Je me tappais à coups de paroles odieuses. J’étais bloquée.
J’ai laissé mon moi tournicotant sur les pavés frappés, sur cette mousse bleuâtre des bas-côtés,
sur ce couple incolore avant la ligne d’arrivée, sur ce tapis bleu des derniers mètres, sur ce garçon à
ressorts qui m’a dépassée et sur cette ligne, enfin, tandis que ma tête demeurait vide pour me faire
oublier où j’étais. Sans même la voir, j’ai passé la ligne d’arrivée seule, pour me rappeler qu’à jamais et
depuis le début j’étais et resterais seule dans la course. Comme tout le monde d’ailleurs. Mais ce n’est
pas tout. On n’est jamais vraiment seul à habiter sa tête, je l’ai compris aujourd’hui et je remercie ce
mouvement absurde et épuisant physiquement d’avoir organisé ma rencontre avec un psychisme épuisé.
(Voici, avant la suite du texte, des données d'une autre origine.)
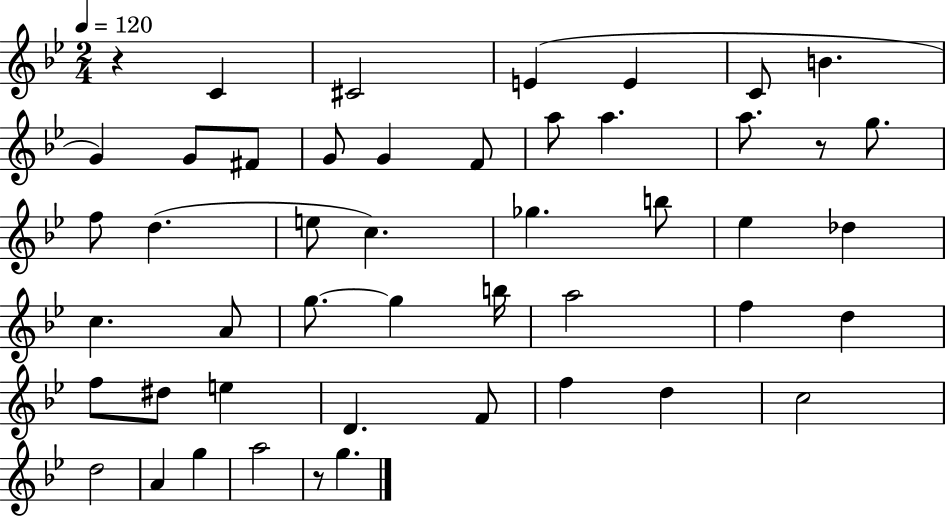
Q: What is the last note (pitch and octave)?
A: G5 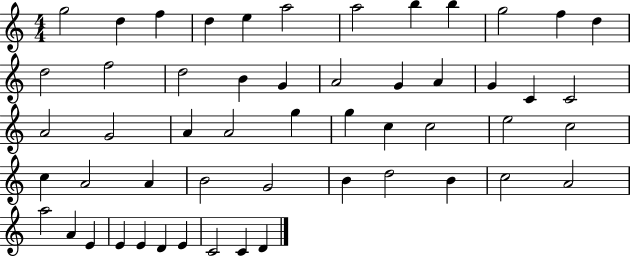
X:1
T:Untitled
M:4/4
L:1/4
K:C
g2 d f d e a2 a2 b b g2 f d d2 f2 d2 B G A2 G A G C C2 A2 G2 A A2 g g c c2 e2 c2 c A2 A B2 G2 B d2 B c2 A2 a2 A E E E D E C2 C D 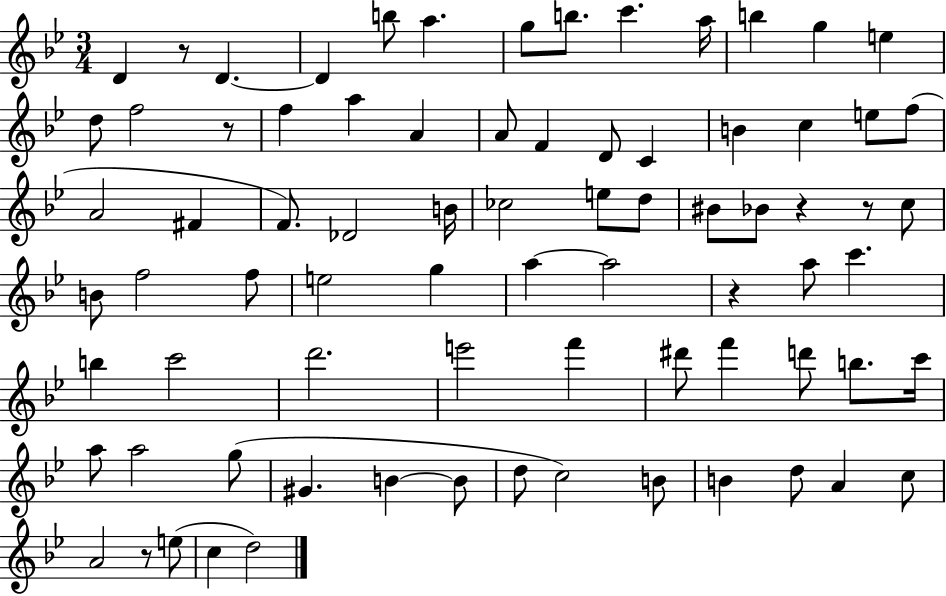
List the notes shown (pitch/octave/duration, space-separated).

D4/q R/e D4/q. D4/q B5/e A5/q. G5/e B5/e. C6/q. A5/s B5/q G5/q E5/q D5/e F5/h R/e F5/q A5/q A4/q A4/e F4/q D4/e C4/q B4/q C5/q E5/e F5/e A4/h F#4/q F4/e. Db4/h B4/s CES5/h E5/e D5/e BIS4/e Bb4/e R/q R/e C5/e B4/e F5/h F5/e E5/h G5/q A5/q A5/h R/q A5/e C6/q. B5/q C6/h D6/h. E6/h F6/q D#6/e F6/q D6/e B5/e. C6/s A5/e A5/h G5/e G#4/q. B4/q B4/e D5/e C5/h B4/e B4/q D5/e A4/q C5/e A4/h R/e E5/e C5/q D5/h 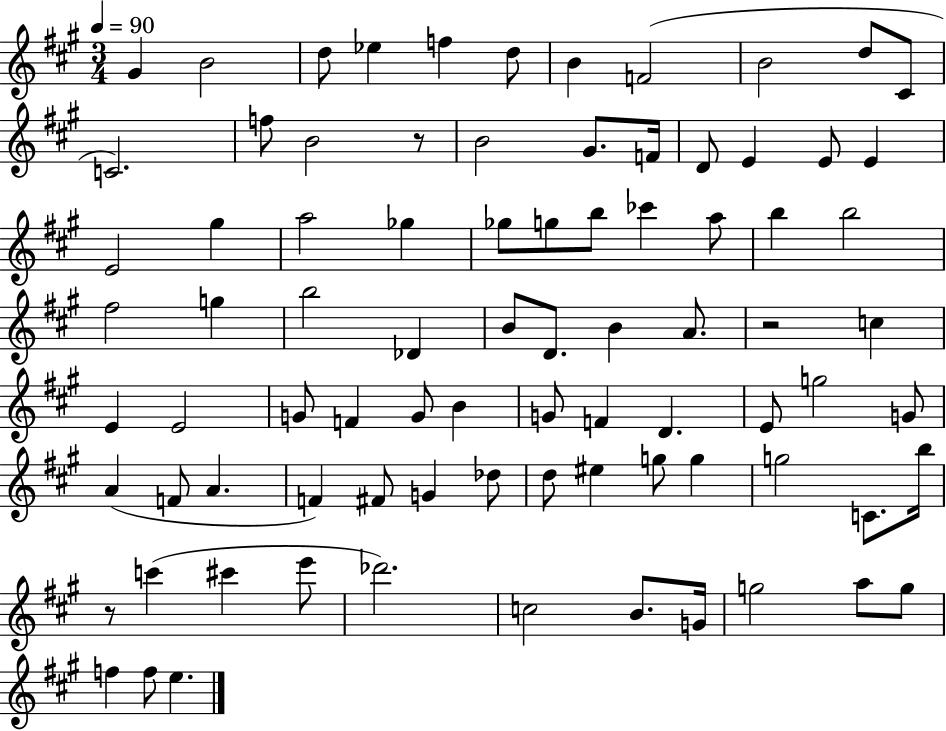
X:1
T:Untitled
M:3/4
L:1/4
K:A
^G B2 d/2 _e f d/2 B F2 B2 d/2 ^C/2 C2 f/2 B2 z/2 B2 ^G/2 F/4 D/2 E E/2 E E2 ^g a2 _g _g/2 g/2 b/2 _c' a/2 b b2 ^f2 g b2 _D B/2 D/2 B A/2 z2 c E E2 G/2 F G/2 B G/2 F D E/2 g2 G/2 A F/2 A F ^F/2 G _d/2 d/2 ^e g/2 g g2 C/2 b/4 z/2 c' ^c' e'/2 _d'2 c2 B/2 G/4 g2 a/2 g/2 f f/2 e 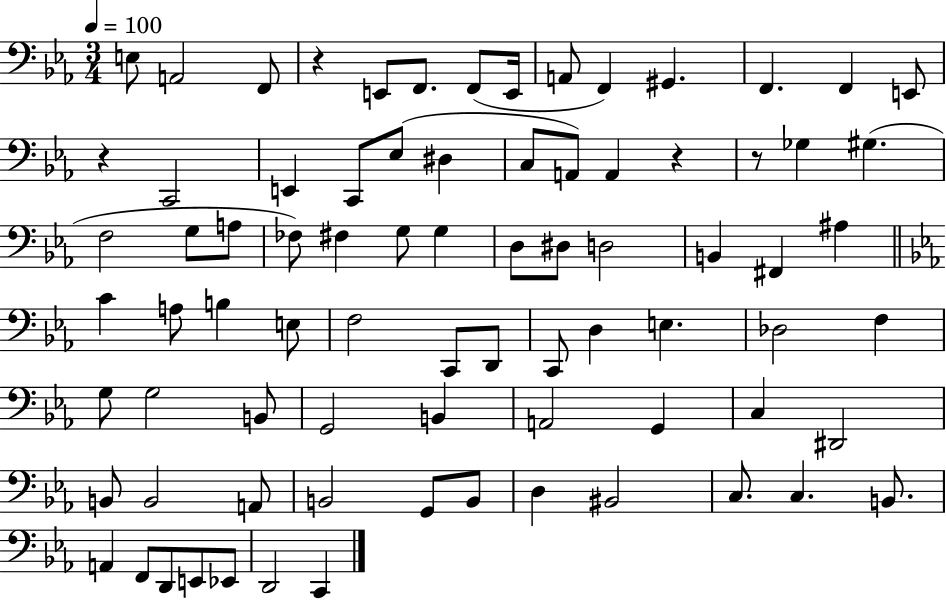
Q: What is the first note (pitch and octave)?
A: E3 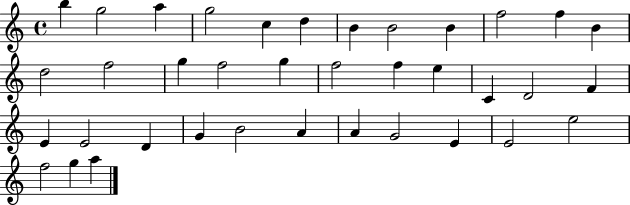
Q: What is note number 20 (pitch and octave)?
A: E5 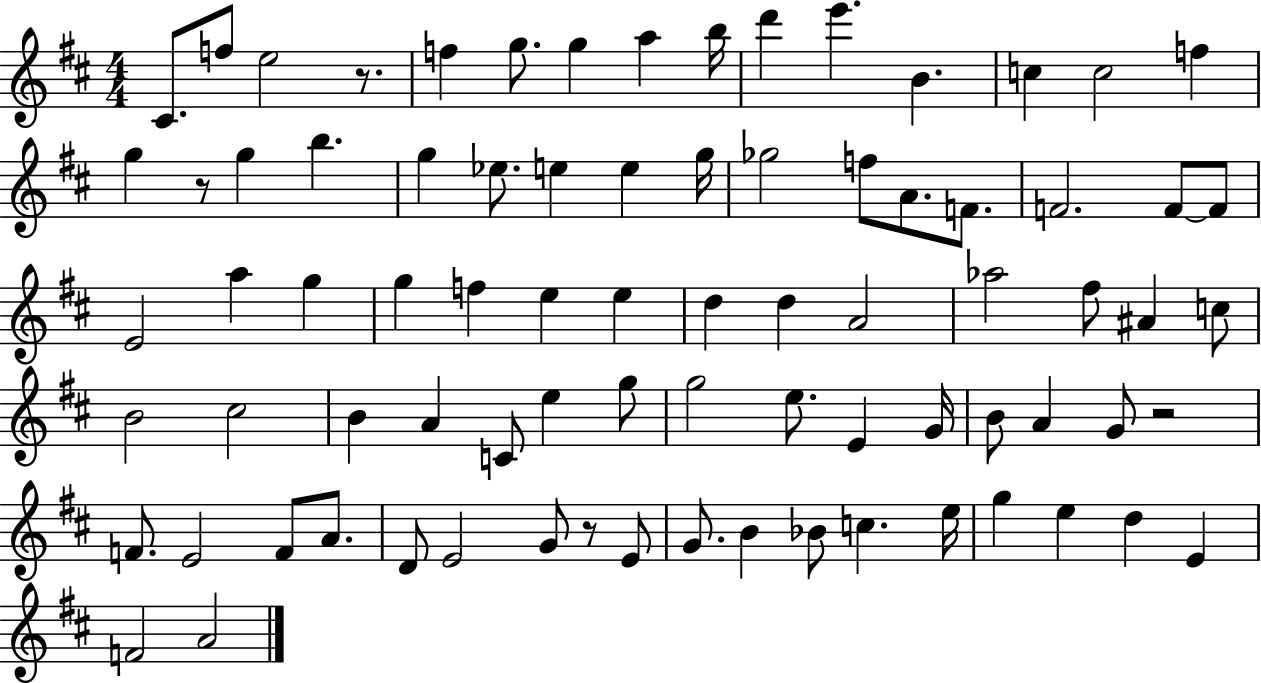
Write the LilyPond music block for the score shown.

{
  \clef treble
  \numericTimeSignature
  \time 4/4
  \key d \major
  cis'8. f''8 e''2 r8. | f''4 g''8. g''4 a''4 b''16 | d'''4 e'''4. b'4. | c''4 c''2 f''4 | \break g''4 r8 g''4 b''4. | g''4 ees''8. e''4 e''4 g''16 | ges''2 f''8 a'8. f'8. | f'2. f'8~~ f'8 | \break e'2 a''4 g''4 | g''4 f''4 e''4 e''4 | d''4 d''4 a'2 | aes''2 fis''8 ais'4 c''8 | \break b'2 cis''2 | b'4 a'4 c'8 e''4 g''8 | g''2 e''8. e'4 g'16 | b'8 a'4 g'8 r2 | \break f'8. e'2 f'8 a'8. | d'8 e'2 g'8 r8 e'8 | g'8. b'4 bes'8 c''4. e''16 | g''4 e''4 d''4 e'4 | \break f'2 a'2 | \bar "|."
} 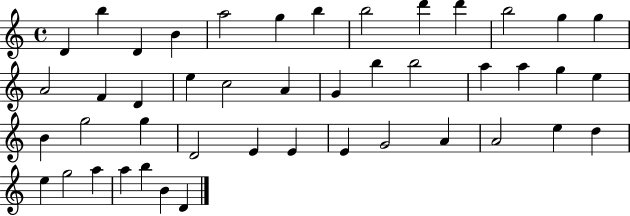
D4/q B5/q D4/q B4/q A5/h G5/q B5/q B5/h D6/q D6/q B5/h G5/q G5/q A4/h F4/q D4/q E5/q C5/h A4/q G4/q B5/q B5/h A5/q A5/q G5/q E5/q B4/q G5/h G5/q D4/h E4/q E4/q E4/q G4/h A4/q A4/h E5/q D5/q E5/q G5/h A5/q A5/q B5/q B4/q D4/q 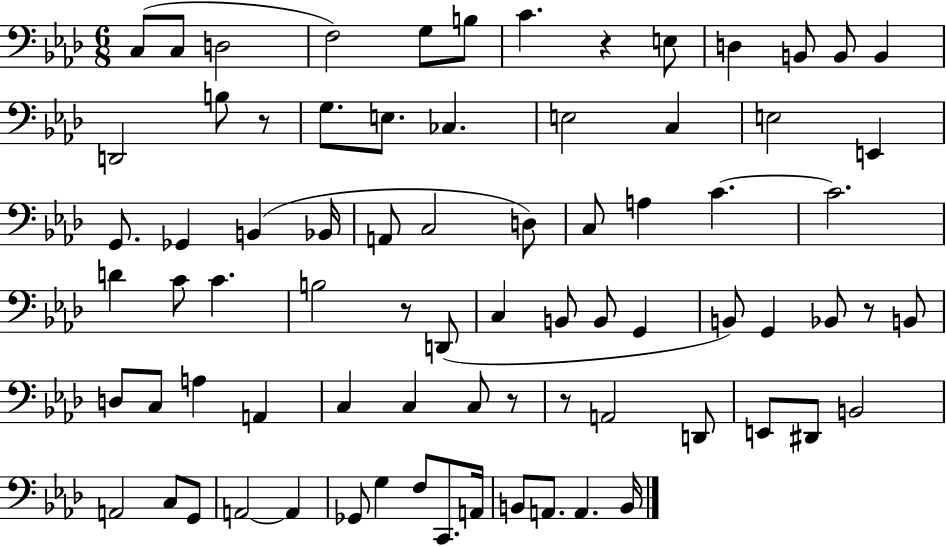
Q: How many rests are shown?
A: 6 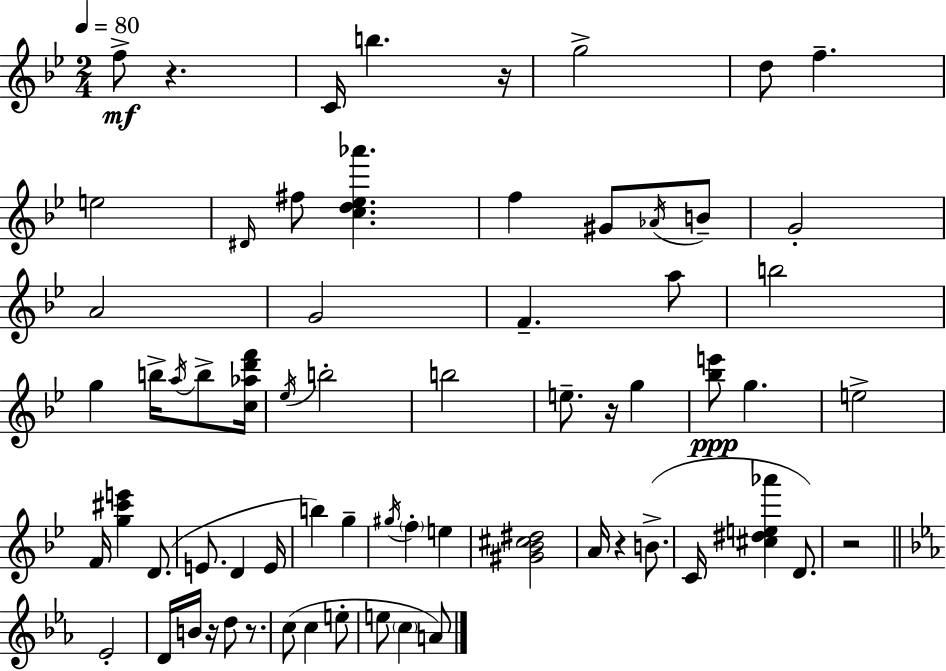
{
  \clef treble
  \numericTimeSignature
  \time 2/4
  \key bes \major
  \tempo 4 = 80
  f''8->\mf r4. | c'16 b''4. r16 | g''2-> | d''8 f''4.-- | \break e''2 | \grace { dis'16 } fis''8 <c'' d'' ees'' aes'''>4. | f''4 gis'8 \acciaccatura { aes'16 } | b'8-- g'2-. | \break a'2 | g'2 | f'4.-- | a''8 b''2 | \break g''4 b''16-> \acciaccatura { a''16 } | b''8-> <c'' aes'' d''' f'''>16 \acciaccatura { ees''16 } b''2-. | b''2 | e''8.-- r16 | \break g''4 <bes'' e'''>8\ppp g''4. | e''2-> | f'16 <g'' cis''' e'''>4 | d'8.( e'8. d'4 | \break e'16 b''4) | g''4-- \acciaccatura { gis''16 } \parenthesize f''4-. | e''4 <gis' bes' cis'' dis''>2 | a'16 r4 | \break b'8.->( c'16 <cis'' dis'' e'' aes'''>4 | d'8.) r2 | \bar "||" \break \key ees \major ees'2-. | d'16 b'16 r16 d''8 r8. | c''8( c''4 e''8-. | e''8 \parenthesize c''4 a'8) | \break \bar "|."
} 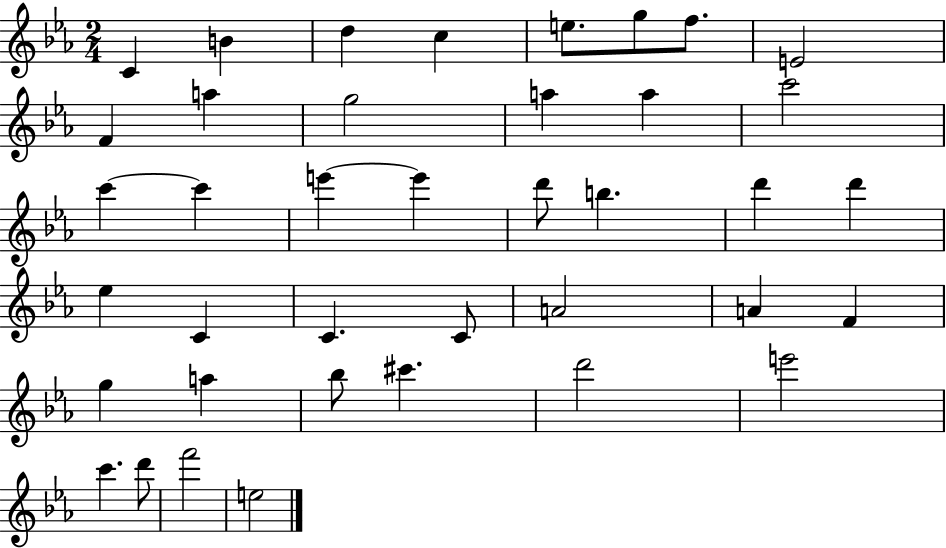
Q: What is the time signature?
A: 2/4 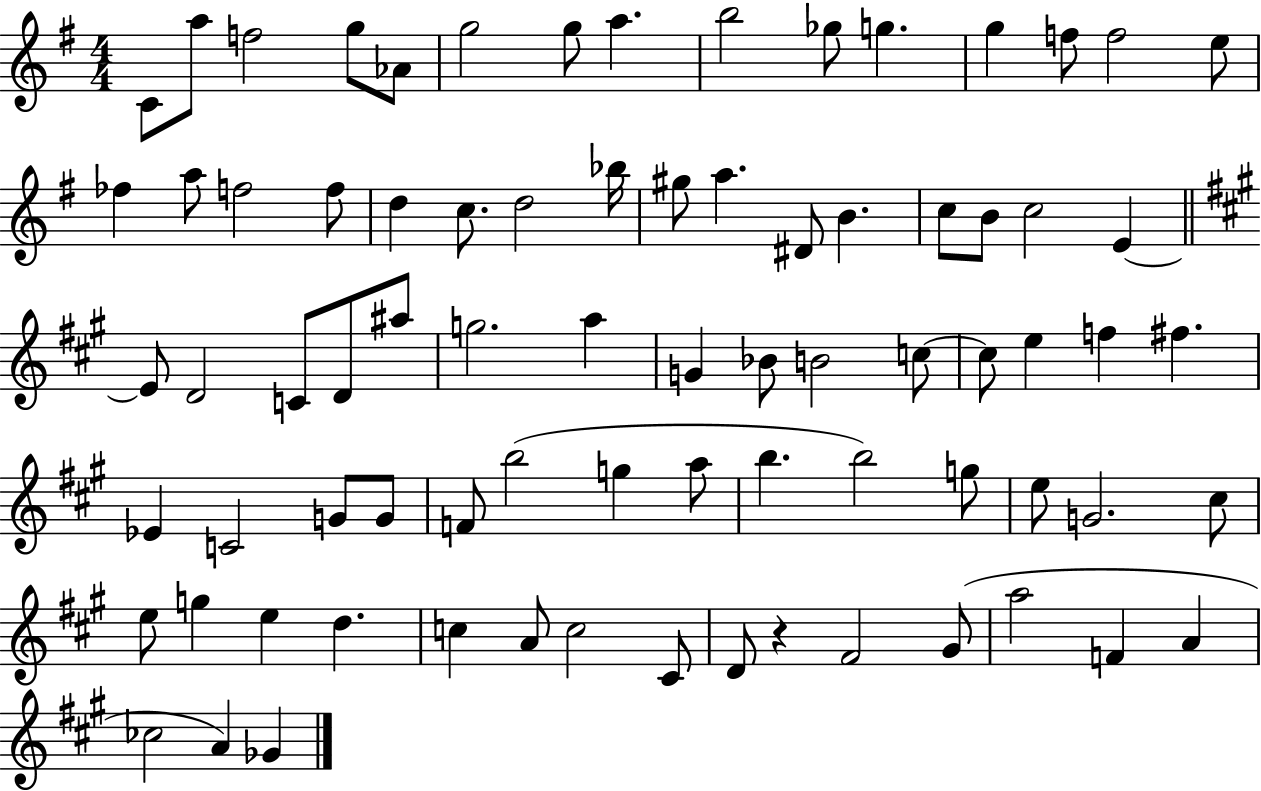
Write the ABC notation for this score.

X:1
T:Untitled
M:4/4
L:1/4
K:G
C/2 a/2 f2 g/2 _A/2 g2 g/2 a b2 _g/2 g g f/2 f2 e/2 _f a/2 f2 f/2 d c/2 d2 _b/4 ^g/2 a ^D/2 B c/2 B/2 c2 E E/2 D2 C/2 D/2 ^a/2 g2 a G _B/2 B2 c/2 c/2 e f ^f _E C2 G/2 G/2 F/2 b2 g a/2 b b2 g/2 e/2 G2 ^c/2 e/2 g e d c A/2 c2 ^C/2 D/2 z ^F2 ^G/2 a2 F A _c2 A _G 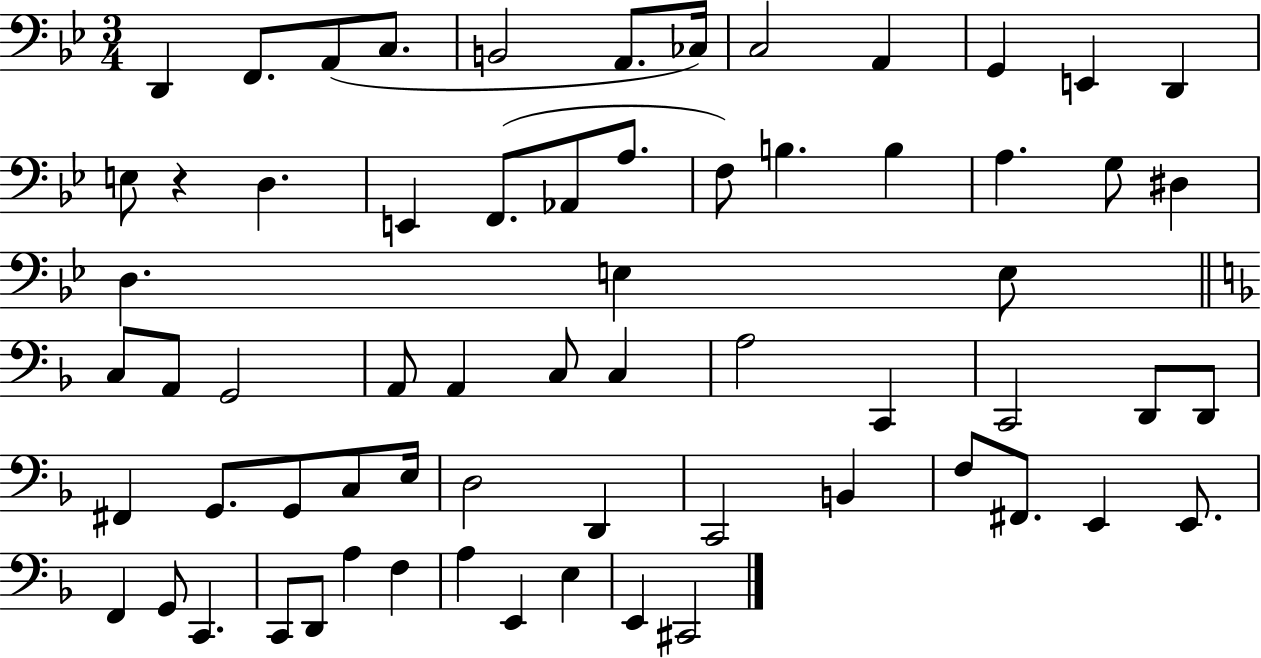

Avec un bout violent de moi-même. On ne comprend pas mieux la fuite en avant qu’en ayant éprouvé
son contraire, le mouvement rond, en circuit fermé, jusqu’à voir ses pieds déjà à l’arrivée lorsqu’ils
franchissent la ligne de départ.
Je voudrais bien mettre des mots plus justes à ce mouvement, parler des kilomètres qui filent
avec précision, dire les subtilités des échanges de regard, leurs jeux de partage, mais de tout ça je ne sais
plus rien. Aucun mot n’est resté dans ma tête après le passage de la ligne. À peine celui que j’écris ici :
partir. Il y a simplement de ces mouvements qui ne s’écrivent pas par après, qui seulement se dictent
d’eux-mêmes momentanément, et qui nous permettent de nous évader. Un mouvement qui en dicte un
autre. Une course dans une course dans une course. Le poème dans ma tête dans les dix kilomètres de
Lausanne dans la vie. Et moi, relai de transmission, j’en dis finalement ce qu’il m’en reste. Un contact à
cette voix dans ma tête qui pleure. Une voix qui cherche un ailleurs. Car cette course, et moi aussi, n’était
pas autre chose que cette voix. Il faut parfois l’écouter. Trop souvent on lui coupe la parole pour rigoler.
Et il ne faut jamais laisser s’en aller la voix qui tente de nous sauver.